▶ _Task directions_
Leaving out every picture, please repeat exactly the line that contains "Moda Circonia Incrustado" and each line after it through the final line below.

BEGIN Input data

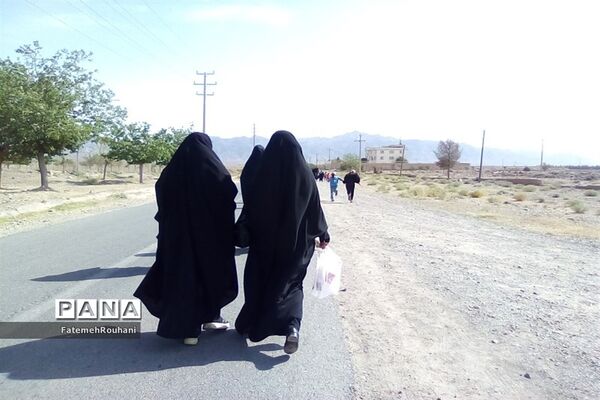 برگزاری همایش پیاده‌روی خانوادگی در خلیل‌آباد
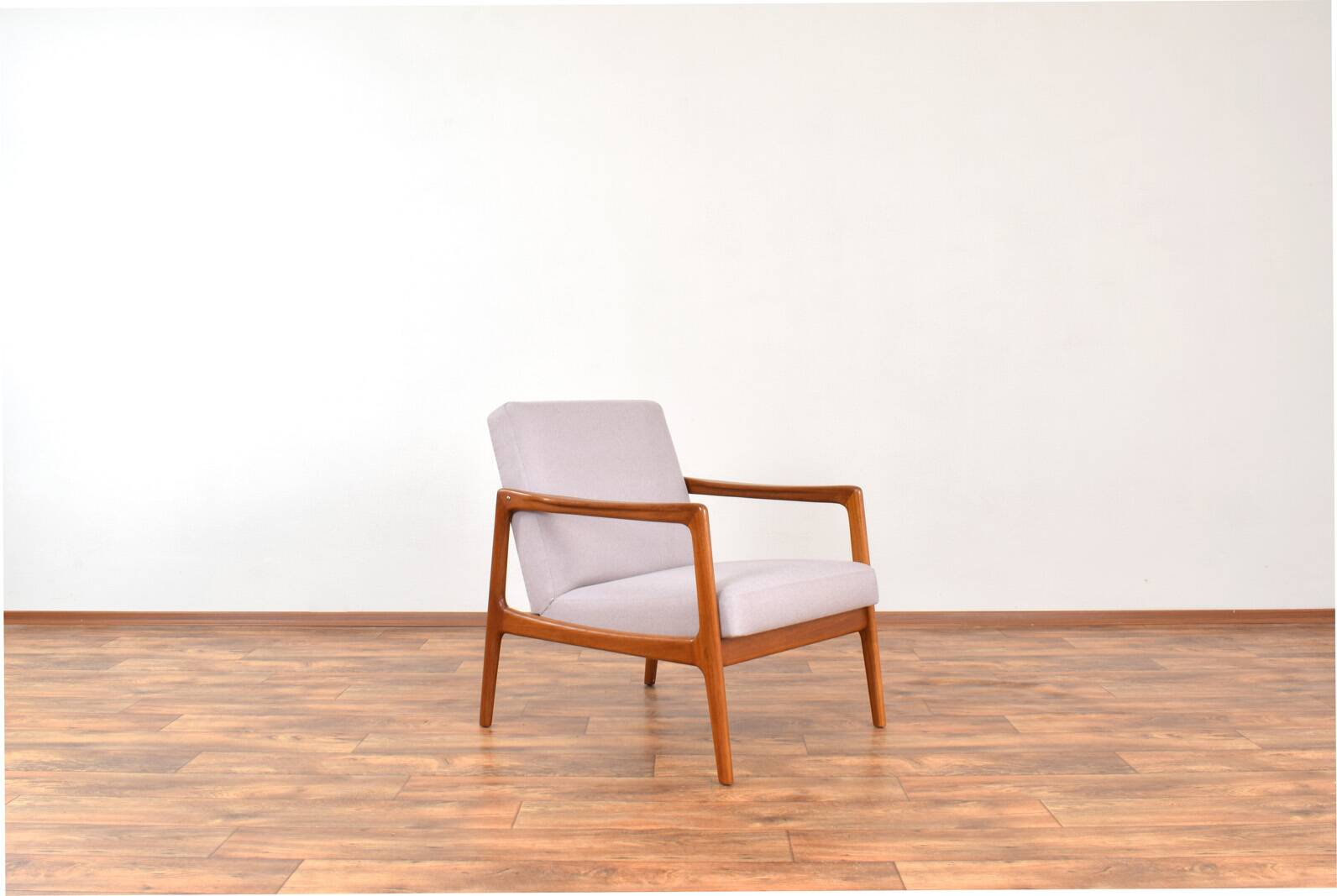 Fauteuil en teck suédois du milieu du siècle par Alf Svensson pour Dux, années 1960.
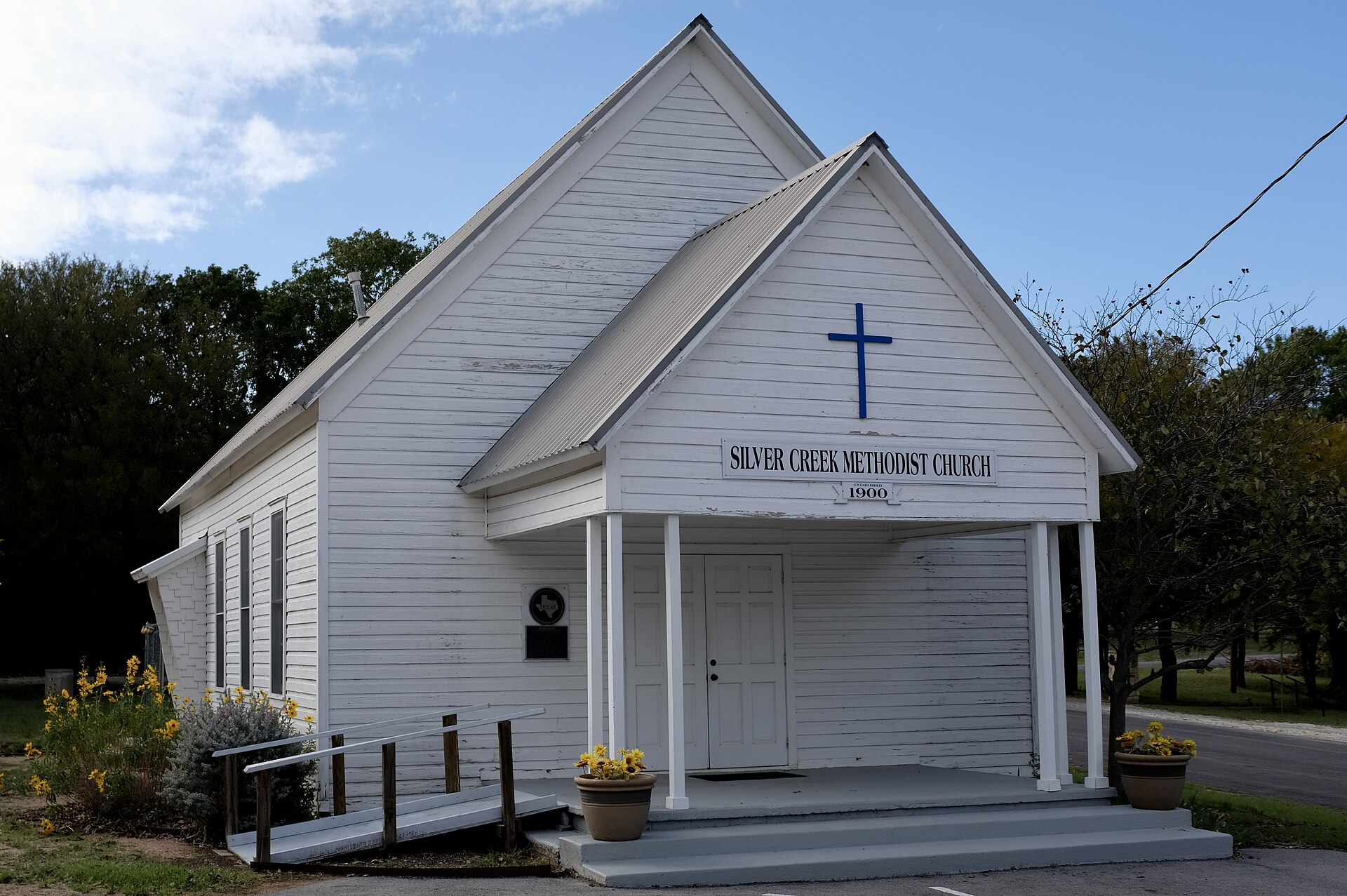 Azle, Silver Creek United Methodist Church. — Texas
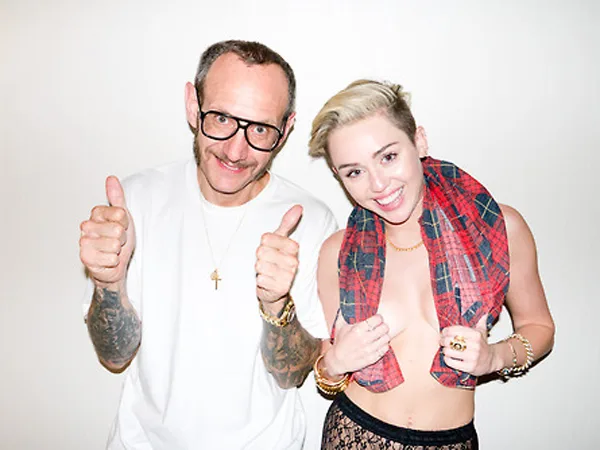 Η Miley Cyrus και ο Terry Richardson ποζάρουν μαζί.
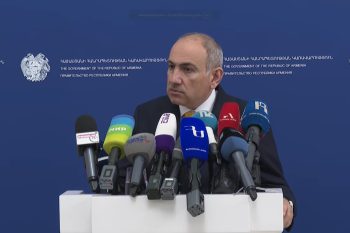 Փաշինյանը մեղադրեց Գյումրու իշխանություններին՝ փոխանակ կառավարության   տված ֆինանսավորումը ճիշտ նպատակների համար օգտագործեն, եսիմ ինչի համար են օգտագործել, ինչո՞ւ սուբվենցիոն ծրագրերից չեն օգտվում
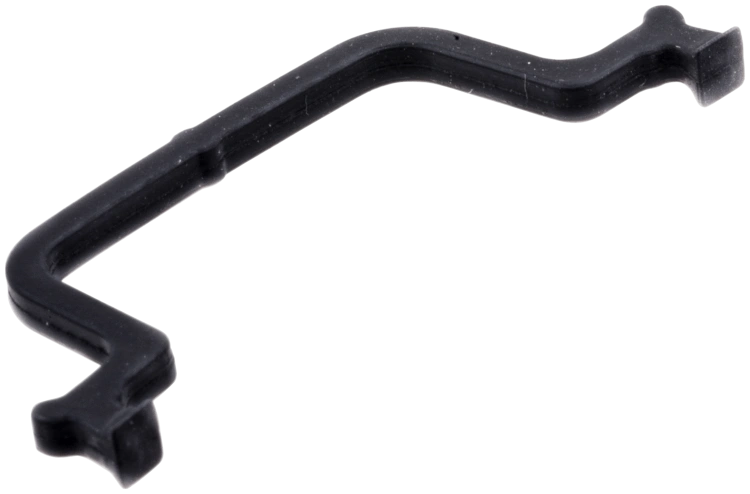 Uszczelka cylindra pilarki Husqvarna 140, 435 II, w kolorze czarnym, z giętym kształtem. Widoczna z boku, leżąca na ciemnym tle, ukazuje szczegóły mocowania. Idealna do wymiany w pilarkach, zapewnia szczelność podczas pracy.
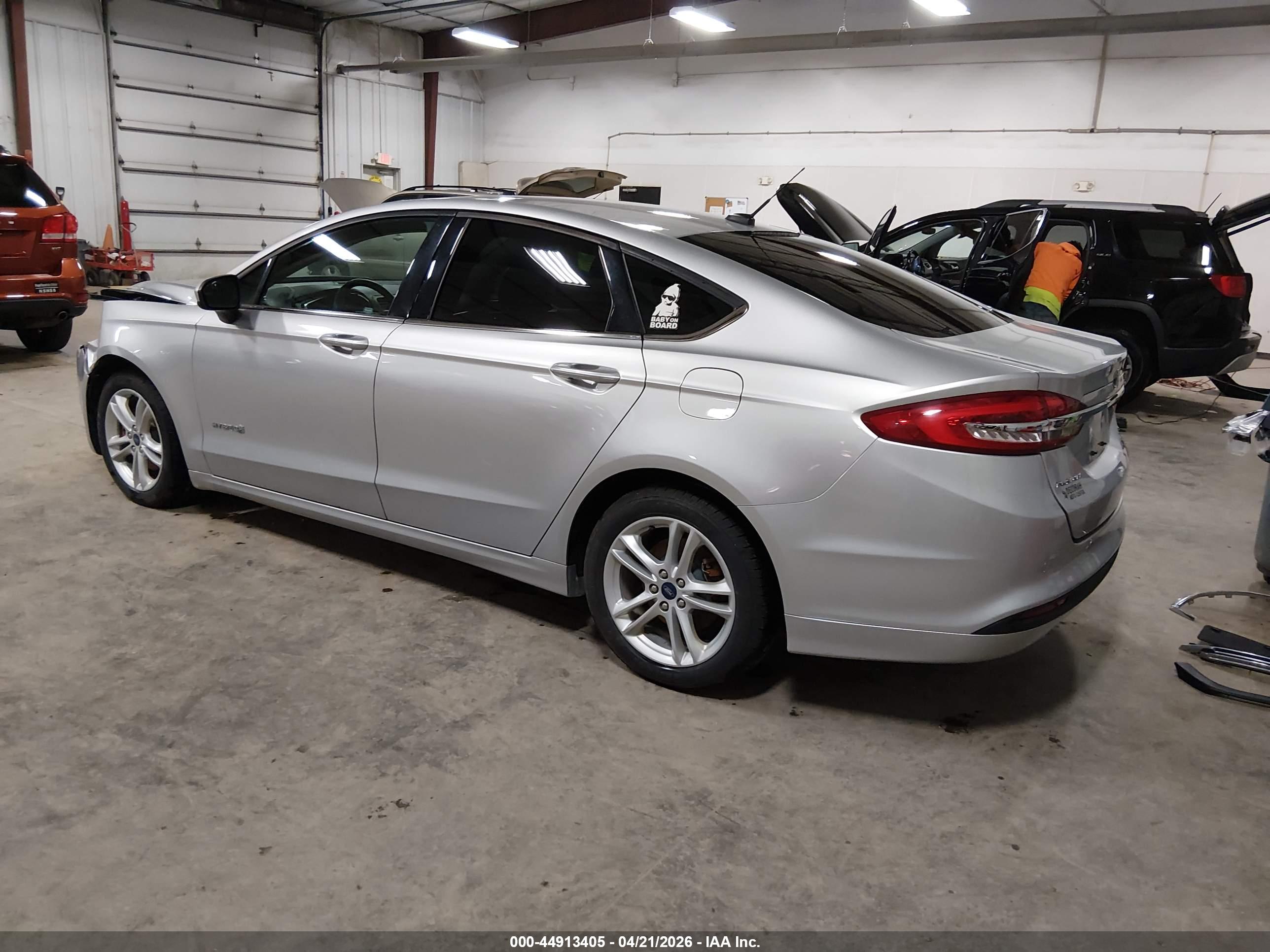 FORD FUSION image 3
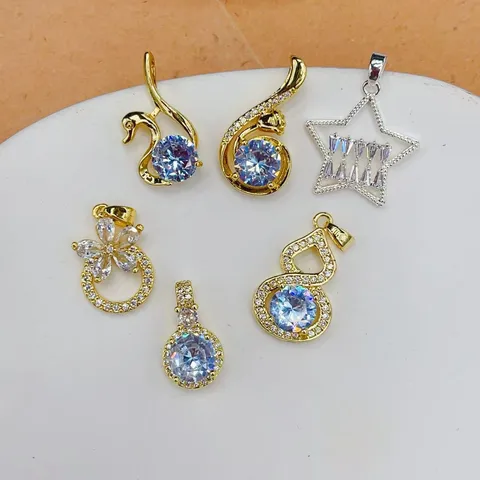Moda Circonia Incrustado Gota de Agua DIY Colgante Cobre Chapado en Oro Real Encanto para Mujer Fabricación de Joyas Accesorios de Collar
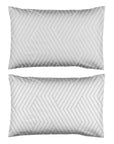 Une paire de taies d'oreiller standard Oslo gris clair à chevrons 100 % coton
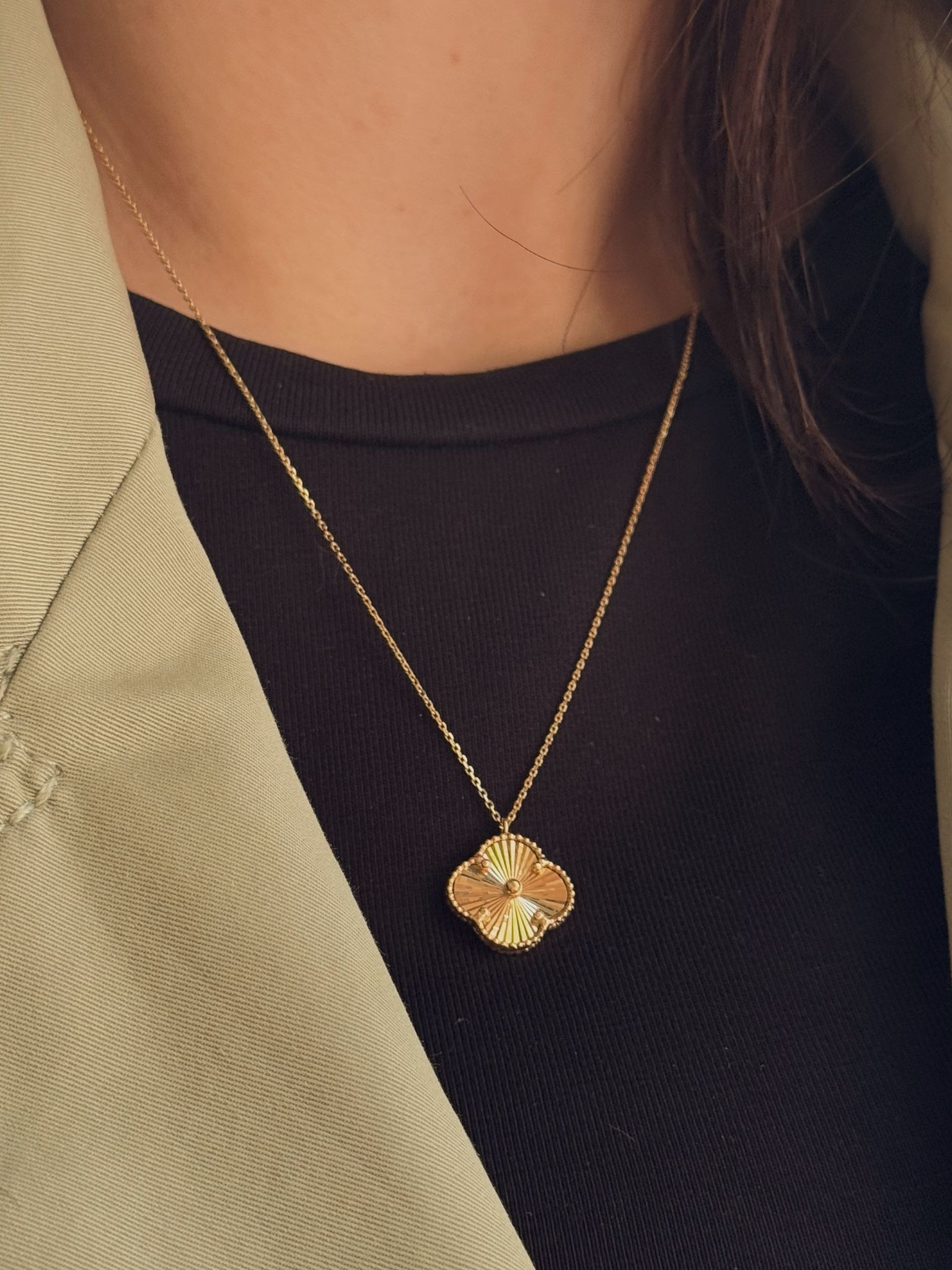  14 Ayar Altın Van Cleef Tarzı Kolye
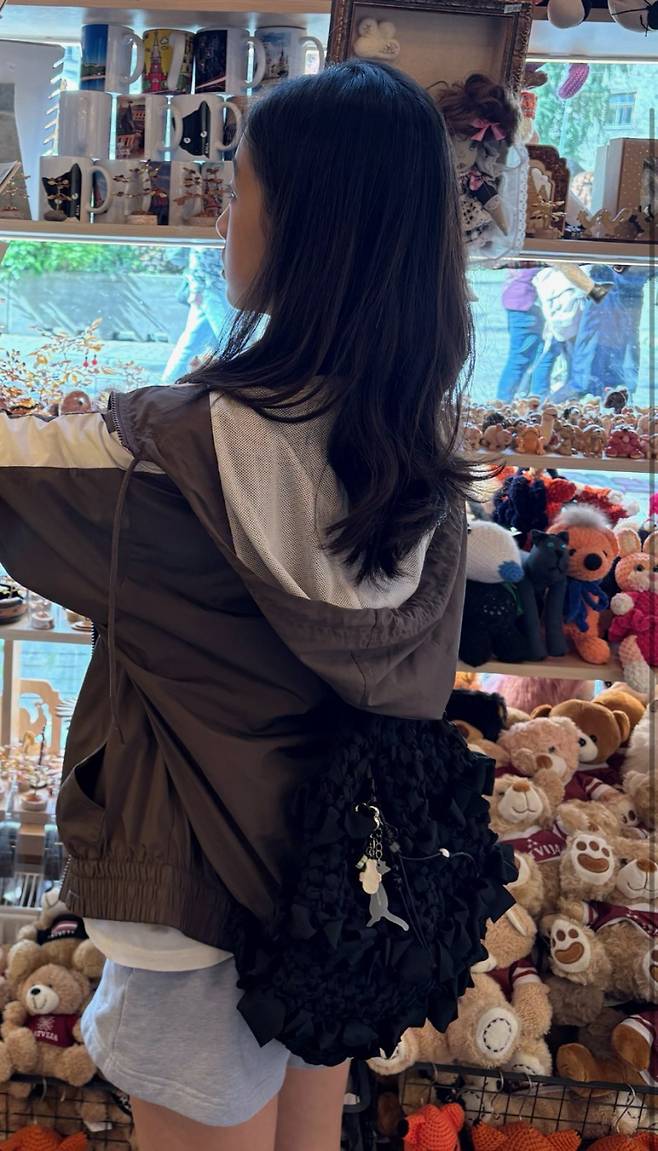 취미인 뜨개질로 직접 제작한 가방. 사진=본인 제공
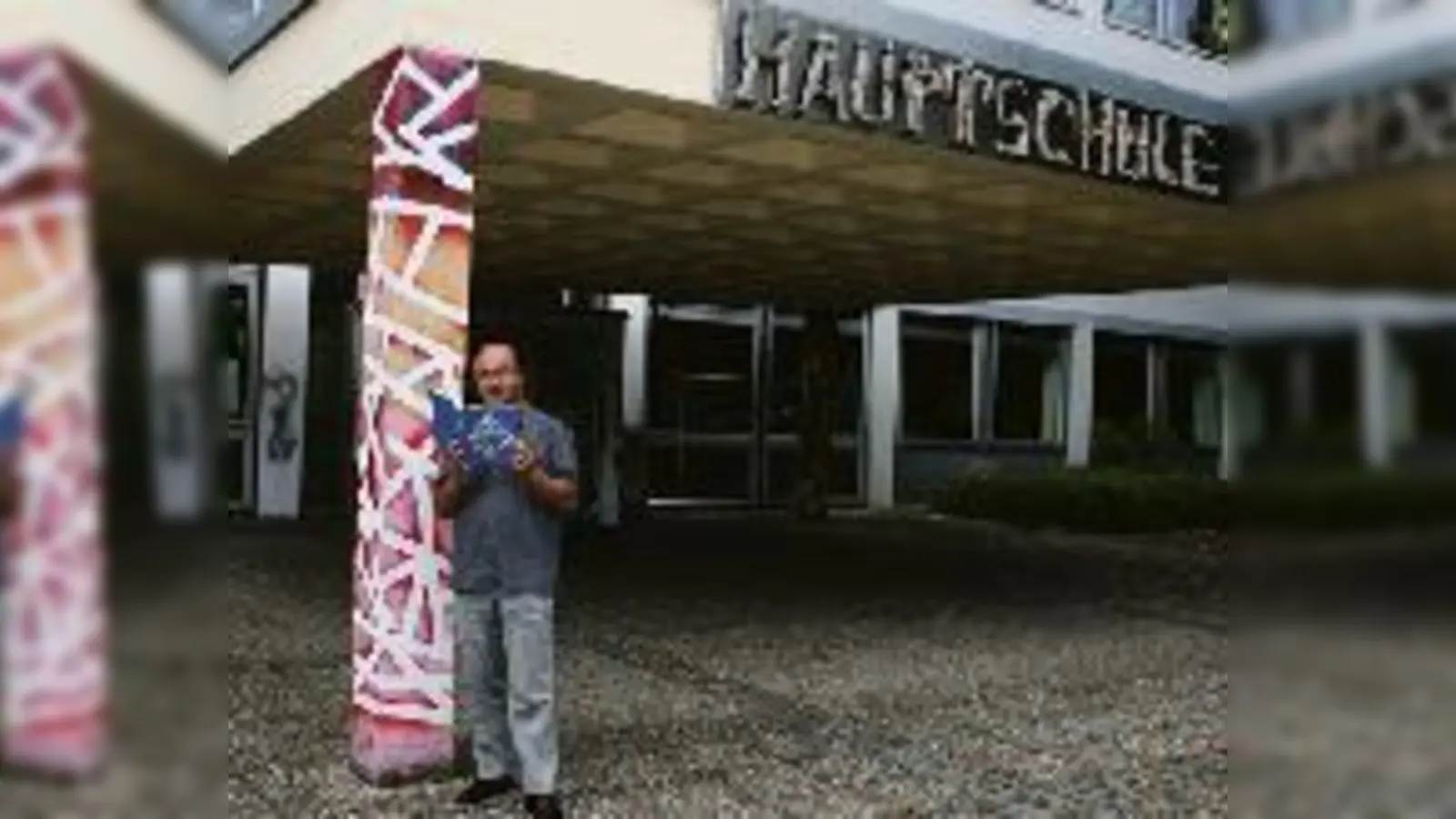 Der Vorsitzende des muslimischen Elternvereins, Asgar Can, mit dem Lehrbuch für den Islam-Unterricht, der kommende Woche beginnen soll.	 (Fotos: em)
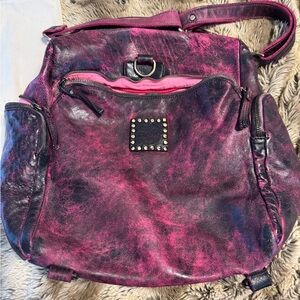 Vintage lusher leather handbag.   Italian leather.  Beautiful bag. Not for me.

END Input data

▶ _Result of the task_
Moda Circonia Incrustado Gota de Agua DIY Colgante Cobre Chapado en Oro Real Encanto para Mujer Fabricación de Joyas Accesorios de Collar
 Une paire de taies d'oreiller standard Oslo gris clair à chevrons 100 % coton
  14 Ayar Altın Van Cleef Tarzı Kolye
 취미인 뜨개질로 직접 제작한 가방. 사진=본인 제공
 Der Vorsitzende des muslimischen Elternvereins, Asgar Can, mit dem Lehrbuch für den Islam-Unterricht, der kommende Woche beginnen soll.	 (Fotos: em)
 Vintage lusher leather handbag.   Italian leather.  Beautiful bag. Not for me.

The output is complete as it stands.